I know some of you guys & gals like to set the torch to a prairie once in a while. Well, please be more cautious, you don't want it to get out of control. If conditions are not right, put it off for another day, even if it ends up being to try again the next year. Also, think about the insects, that bug you save may pollinate your favorite Calopogon.

To get an idea about the diversity of prairie insects, read Ron Panzer's article;
http://www.neiu.edu/~cwinsect/index.html
or google any of his other articles.


----------



## Lanmark (Apr 27, 2010)

Yes I agree that due caution is in order. Just because a burn is scheduled for a certain date doesn't mean that the date should be carved in stone. When the weather has been too dry and the winds are too high, I think the prudent thing to do would be to postpone the burn.

The Kirtland's Warbler in northern lower Michigan is so rare that it may forever remain dependant on mankind's periodic controlled burns on its behalf. Even now that the Warbler's numbers are increasing, extinction remains a very real possibility.


----------



## smartie2000 (Apr 27, 2010)

I understand why you are unhappy now Leo. And I agree, if the burn was too extensive, the insect diversity would be diminished, especially if the grassland is fragmented/small


----------



## Kyle (Apr 27, 2010)

I too understand your concern. No out of control fire is a good fire. Especially is property gets damaged. With the conditions you described, I am quite surprised they would proceed with the burn (although I think the 5 mph limit is too low...). Seems like the person in charge lacked common sense.
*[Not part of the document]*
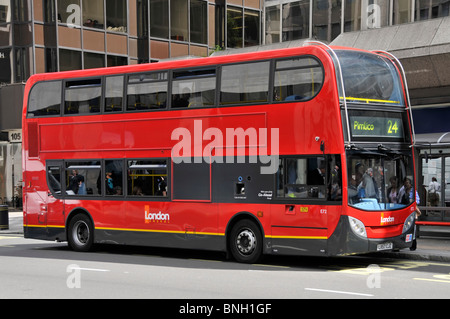 Modernen London Bus Route 24 auf Pimlico Stockfoto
Your right to point out that insect species are important to prairie ecosystems, however, insect populations are quite resilient. The population will crash, however they do recover. Everything you've said is correct about island dynamics.

Has your friend done any long term studies on insect population pre and post burn? I would be interested in seeing that research.
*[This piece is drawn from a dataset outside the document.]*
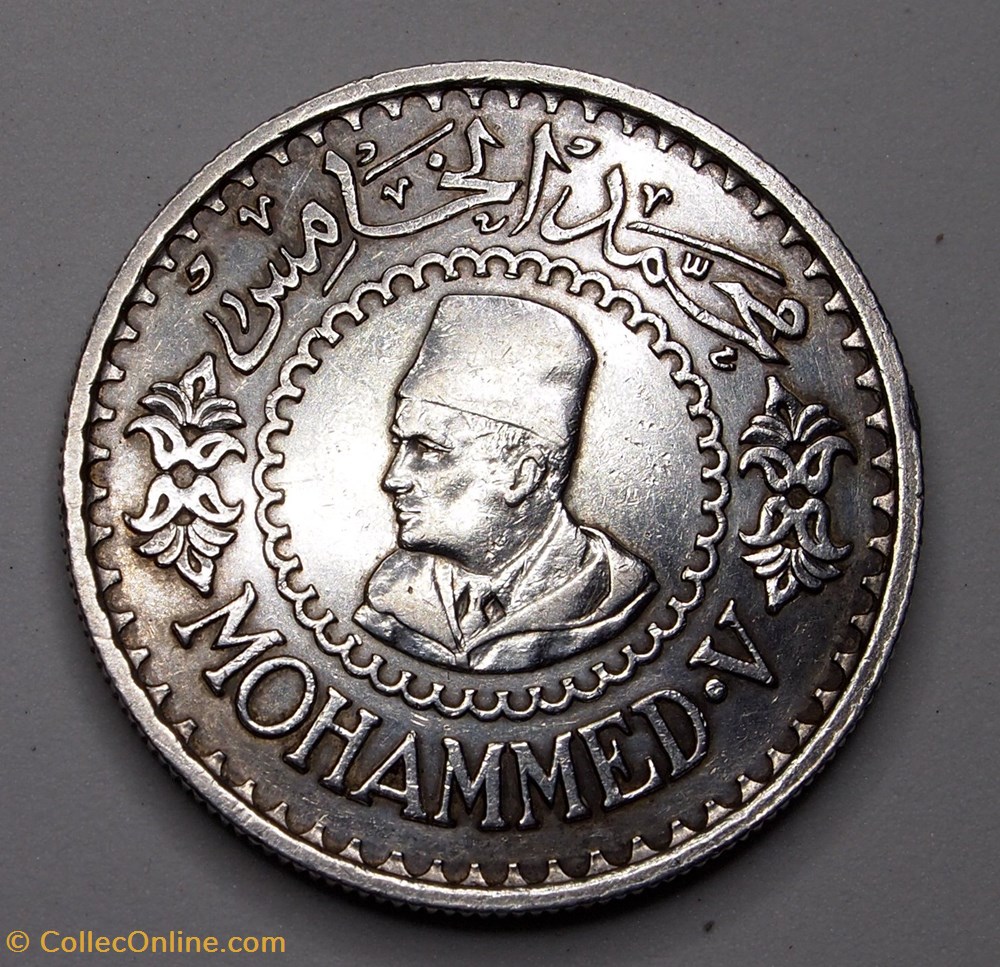 500 Francs - 1956 monnaie monde maroc 500 francs 1956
The burns I conduct are for habitat improvement. To stress non-native plant species and favour native species. The goal is to increase quality and diversity. A well timed fire can have an incredible effect on the prairie. A poorly timed fire will have less of an effect, but always a positive effect.

Its hard to comment on that particular fire without knowing the plants and problems of the site, but I think you'll find long term, the fire did way more good then bad.

Heres a photo of me (in the blue) conducting a controlled burn a couple of years ago. I'll post more later.


----------



## smartie2000 (Apr 27, 2010)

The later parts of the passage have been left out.